§ Exercise requirements:
Whenever a picture appears in the data, skip it and write out all other material exactly.

§ Data extract:
-=-=-=-=-

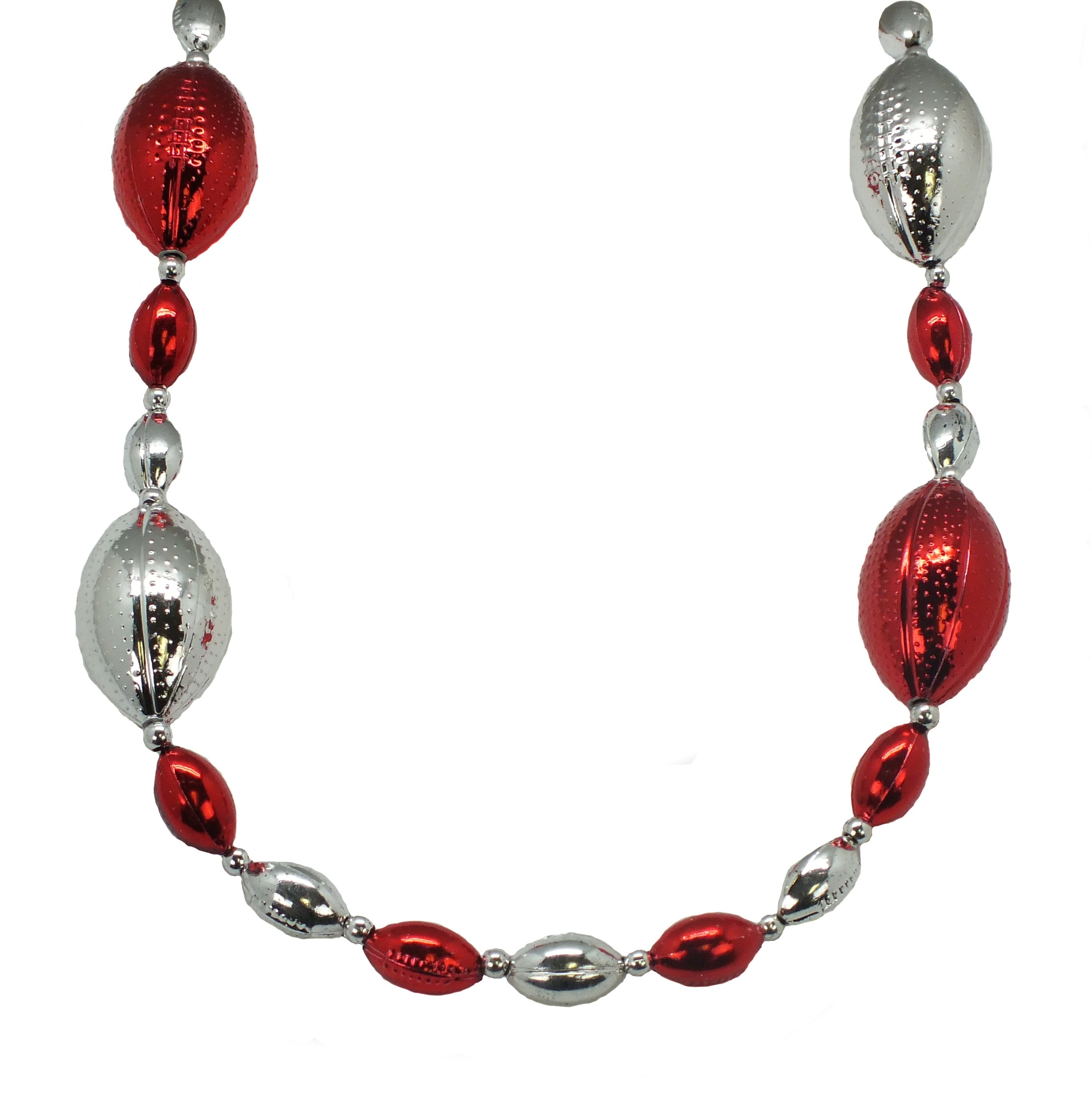 42" Red and Silver Football Bead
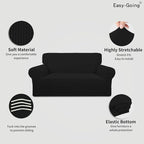 Easy-Going Stretch Loveseat Couch Covers Washable Black | 1-Piece Loveseat - Image 3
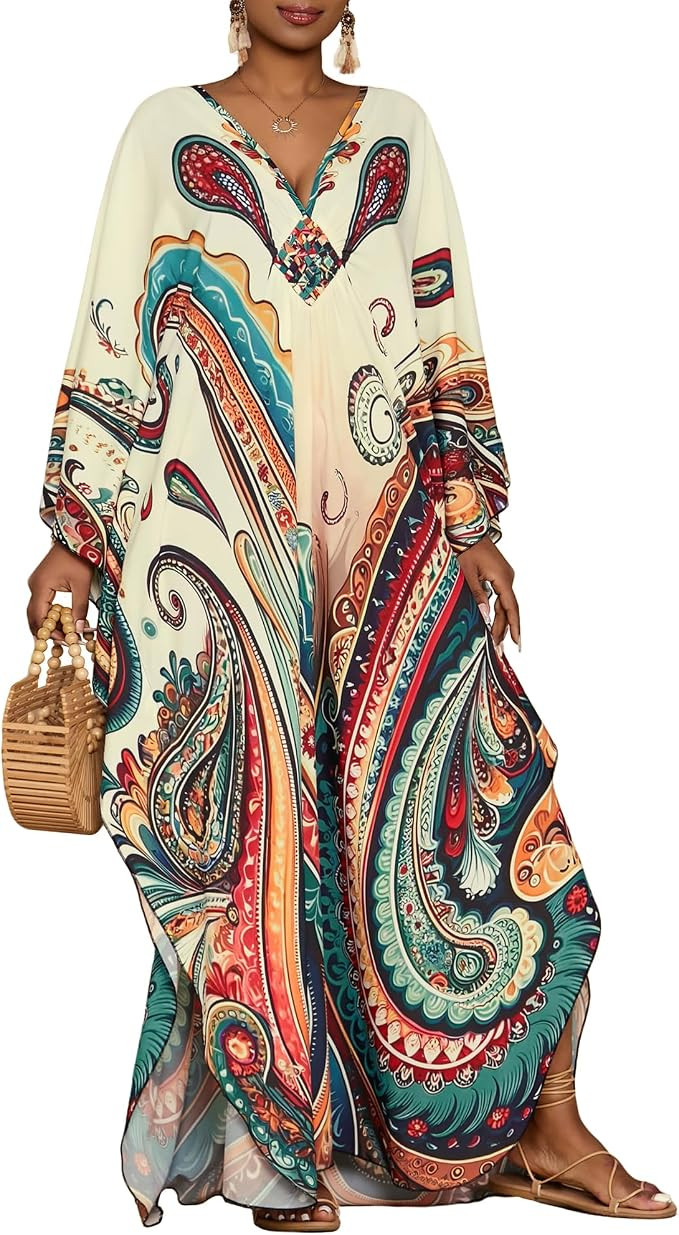 Bsubseach Vestidos caftán para mujer, estampado étnico, talla grande, salida de playa con manga... | Amazon (US)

-=-=-=-=-

§ Answer to the exercise:
 42" Red and Silver Football Bead
 Easy-Going Stretch Loveseat Couch Covers Washable Black | 1-Piece Loveseat - Image 3
 Bsubseach Vestidos caftán para mujer, estampado étnico, talla grande, salida de playa con manga... | Amazon (US)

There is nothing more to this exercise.